TASK:
Lift every line from the entries that includes the word "with".

GIVEN RECORDS:

————————

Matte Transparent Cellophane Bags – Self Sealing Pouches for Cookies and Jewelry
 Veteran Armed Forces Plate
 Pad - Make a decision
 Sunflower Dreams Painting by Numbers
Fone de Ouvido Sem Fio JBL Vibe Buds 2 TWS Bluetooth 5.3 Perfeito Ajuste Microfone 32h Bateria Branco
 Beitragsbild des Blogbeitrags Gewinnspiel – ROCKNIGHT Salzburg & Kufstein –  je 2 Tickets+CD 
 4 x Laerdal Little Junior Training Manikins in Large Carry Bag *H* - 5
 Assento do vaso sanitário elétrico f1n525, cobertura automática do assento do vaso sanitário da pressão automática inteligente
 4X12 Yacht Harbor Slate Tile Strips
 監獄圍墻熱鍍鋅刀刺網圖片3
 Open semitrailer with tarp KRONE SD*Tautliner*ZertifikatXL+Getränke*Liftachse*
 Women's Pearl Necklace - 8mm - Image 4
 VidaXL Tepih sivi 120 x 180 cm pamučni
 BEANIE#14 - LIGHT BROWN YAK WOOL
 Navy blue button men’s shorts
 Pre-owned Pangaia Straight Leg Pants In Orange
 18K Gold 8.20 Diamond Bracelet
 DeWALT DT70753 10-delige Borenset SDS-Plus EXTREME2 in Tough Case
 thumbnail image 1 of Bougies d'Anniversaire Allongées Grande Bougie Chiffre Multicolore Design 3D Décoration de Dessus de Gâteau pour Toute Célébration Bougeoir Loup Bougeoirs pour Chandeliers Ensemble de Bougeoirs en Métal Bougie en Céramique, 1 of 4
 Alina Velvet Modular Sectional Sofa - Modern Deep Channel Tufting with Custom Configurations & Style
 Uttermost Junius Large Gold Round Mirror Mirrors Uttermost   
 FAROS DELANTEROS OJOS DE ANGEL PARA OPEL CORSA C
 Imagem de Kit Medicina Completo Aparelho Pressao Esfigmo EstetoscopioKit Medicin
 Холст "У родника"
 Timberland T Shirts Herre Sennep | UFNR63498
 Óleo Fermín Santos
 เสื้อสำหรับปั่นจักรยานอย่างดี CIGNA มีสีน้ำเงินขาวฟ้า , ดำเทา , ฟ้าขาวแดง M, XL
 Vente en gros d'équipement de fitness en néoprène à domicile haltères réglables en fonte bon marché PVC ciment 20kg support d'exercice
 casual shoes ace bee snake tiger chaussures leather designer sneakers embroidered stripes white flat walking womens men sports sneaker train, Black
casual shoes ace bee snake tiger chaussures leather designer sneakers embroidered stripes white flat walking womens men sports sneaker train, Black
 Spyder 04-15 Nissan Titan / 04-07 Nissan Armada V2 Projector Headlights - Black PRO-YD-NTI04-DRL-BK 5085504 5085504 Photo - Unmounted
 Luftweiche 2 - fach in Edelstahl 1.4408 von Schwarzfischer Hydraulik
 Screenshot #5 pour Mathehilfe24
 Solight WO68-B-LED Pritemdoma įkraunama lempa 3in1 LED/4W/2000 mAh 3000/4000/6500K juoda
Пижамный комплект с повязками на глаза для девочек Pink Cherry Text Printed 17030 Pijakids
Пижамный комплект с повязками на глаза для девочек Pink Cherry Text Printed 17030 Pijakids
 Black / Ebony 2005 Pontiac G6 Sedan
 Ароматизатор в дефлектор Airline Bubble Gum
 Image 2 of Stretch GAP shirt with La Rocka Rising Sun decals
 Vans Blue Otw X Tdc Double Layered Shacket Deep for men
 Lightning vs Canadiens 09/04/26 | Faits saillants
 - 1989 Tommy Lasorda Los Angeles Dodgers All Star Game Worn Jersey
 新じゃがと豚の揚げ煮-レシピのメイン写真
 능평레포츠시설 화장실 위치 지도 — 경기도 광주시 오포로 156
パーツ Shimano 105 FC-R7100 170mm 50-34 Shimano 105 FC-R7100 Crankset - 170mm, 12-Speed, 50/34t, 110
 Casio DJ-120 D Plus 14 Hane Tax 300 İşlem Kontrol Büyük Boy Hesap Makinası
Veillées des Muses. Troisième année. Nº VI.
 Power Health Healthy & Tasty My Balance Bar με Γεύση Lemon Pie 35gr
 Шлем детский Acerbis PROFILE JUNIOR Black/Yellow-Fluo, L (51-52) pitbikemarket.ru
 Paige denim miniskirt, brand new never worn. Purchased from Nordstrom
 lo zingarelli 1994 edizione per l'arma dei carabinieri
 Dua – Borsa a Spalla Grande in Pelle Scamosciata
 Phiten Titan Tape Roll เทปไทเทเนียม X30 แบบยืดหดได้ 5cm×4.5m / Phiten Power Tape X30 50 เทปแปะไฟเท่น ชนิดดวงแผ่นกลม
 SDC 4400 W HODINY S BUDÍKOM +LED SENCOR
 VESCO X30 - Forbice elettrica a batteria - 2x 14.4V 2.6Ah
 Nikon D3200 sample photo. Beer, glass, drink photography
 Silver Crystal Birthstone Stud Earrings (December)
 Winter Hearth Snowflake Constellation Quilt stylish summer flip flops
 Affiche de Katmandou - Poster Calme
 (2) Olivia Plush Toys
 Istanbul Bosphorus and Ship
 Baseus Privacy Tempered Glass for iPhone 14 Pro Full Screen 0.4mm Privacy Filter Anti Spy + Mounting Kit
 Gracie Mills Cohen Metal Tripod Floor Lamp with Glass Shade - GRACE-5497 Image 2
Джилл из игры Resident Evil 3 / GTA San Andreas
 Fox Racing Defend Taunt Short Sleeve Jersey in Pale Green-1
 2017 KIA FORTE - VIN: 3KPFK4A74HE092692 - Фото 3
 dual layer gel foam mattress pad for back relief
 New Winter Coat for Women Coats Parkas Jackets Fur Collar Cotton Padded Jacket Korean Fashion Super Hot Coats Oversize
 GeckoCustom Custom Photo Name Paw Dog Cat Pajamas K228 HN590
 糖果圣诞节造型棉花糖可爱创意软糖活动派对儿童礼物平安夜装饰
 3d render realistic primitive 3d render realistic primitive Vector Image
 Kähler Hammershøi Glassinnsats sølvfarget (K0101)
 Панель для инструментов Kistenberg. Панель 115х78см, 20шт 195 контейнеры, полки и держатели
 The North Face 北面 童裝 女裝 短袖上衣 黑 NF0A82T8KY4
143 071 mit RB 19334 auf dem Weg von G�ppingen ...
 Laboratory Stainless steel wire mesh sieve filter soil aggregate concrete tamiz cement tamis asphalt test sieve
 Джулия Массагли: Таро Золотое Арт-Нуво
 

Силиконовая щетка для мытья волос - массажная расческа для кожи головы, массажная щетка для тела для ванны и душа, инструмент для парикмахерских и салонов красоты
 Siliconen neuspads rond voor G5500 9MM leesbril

————————

ANSWER TO THIS EXERCISE:
 Open semitrailer with tarp KRONE SD*Tautliner*ZertifikatXL+Getränke*Liftachse*
 Alina Velvet Modular Sectional Sofa - Modern Deep Channel Tufting with Custom Configurations & Style
 Image 2 of Stretch GAP shirt with La Rocka Rising Sun decals
 Gracie Mills Cohen Metal Tripod Floor Lamp with Glass Shade - GRACE-5497 Image 2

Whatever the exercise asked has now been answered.